Veo la masa estirarse en el molde que primero fue de mi abuela y luego de mi madre. El centro plateado como el cráter de un volcán solo extinto en apariencia. El resto es negro, quemaduras de los hornos de las casas pasadas. El gris del aluminio que alguna vez lo definió se ha perdido y ahora lo propio, es ese centro irradiante que recuerda las manos y los pasajes.

La masa crece y los dedos le dan profundidad llegando a los bordes como si fuera un oleaje que toca los pies de quien se arrima a saludar al mar. Miró los huecos pequeños, la masa de a ratos, se vuelve acanalada. Pienso si la masa y la Luna tendrán la misma superficie. Tengo facilidad para hacer asociaciones sin sentido. Pero el tema que sale del teléfono me interrumpe y vuelvo a la masa. Ya no importa si las superficies se parecen. Ya no importa mucho más que la masa que de a poco va tomando forma. Sonrío ante el acto mágico y también un poco enigmático, de la cocina.

En un gesto que yo sé fingido, miro como si quisiera aprender a amasar. Hago de cuenta que presto atención pero, en realidad, solo guardo esta foto mental con la mayor nitidez posible para poder revelarla una y otra vez cuando la comida y la situación, ya se hayan desvanecido.

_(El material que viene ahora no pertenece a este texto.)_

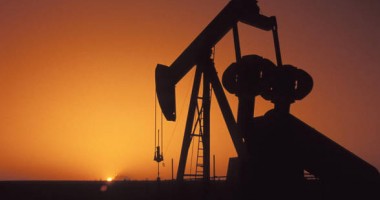 Stire din Actualitate : Prețul petrolului scade puternic din cauza temerilor legate de Grecia și economia Chinei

Siempre me he resistido a aprender ciertas recetas. Porque eso me resguarda de cocinar en soledad. Mientras no las aprenda, puedo invitar a cocinar a quien sí las sabe. Disfruto mi posición de intermitente espectadora porque creo que cocinar en la presencia de otrx o con otrx inaugura un acontecimiento pequeño, efímero e irrepetible que exige presencia. Presencia para saber hasta cuándo y qué poner, qué tiempo, qué consistencia, cuándo el humo o el aroma que sale de la olla, anuncia que ya está la salsa. Ante la invitación a ser parte de esos rituales, mi compañía es casi imperceptible, como si fuese música de fondo: alcanzo algún utensilio, lavo lo que se va ensuciando, doy charla o preparo algún aperitivo. Me gusta ser una observadora y ver el estado meditativo de quien cocina, cómo dialoga con los condimentos e ingredientes en un proceso alquímico. Un acto que solo en apariencia es mecánico.

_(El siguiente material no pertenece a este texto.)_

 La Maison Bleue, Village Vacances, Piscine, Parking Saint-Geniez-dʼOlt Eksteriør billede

Cada vez que alguien me invita a comer o que se interesa por cocinar en mi casa, yo leo allí una tremenda declaración de amor: un tiempo dado, donado que no persigue otra cosa que la entrega. Un acto de puro presente fuera del tiempo en el que quien cocina y quien observa, nos entregamos a la creación sensorial sin palabras, sin preámbulos. Un estado primario que volvemos a visitar. Un lugar para habitar en el conocimiento sensitivo del cuerpo.

El acto de cocinar no responde a resolver una mera necesidad orgánica de supervivencia. Comer se resuelve con poco. Cocinar es otra forma del amor. Un “hacer el amor, tejer redes, cuidados”.

El otro día mientras la cuchara arrastraba los pedacitos de naranja que después serían mermelada, recordé lo que me había enseñado un ex suegro: “Prendé siempre la hornalla baja, despacio. Hay tiempo para subir el fuego. Paciencia, hija. No apures nada. Tampoco la comida”.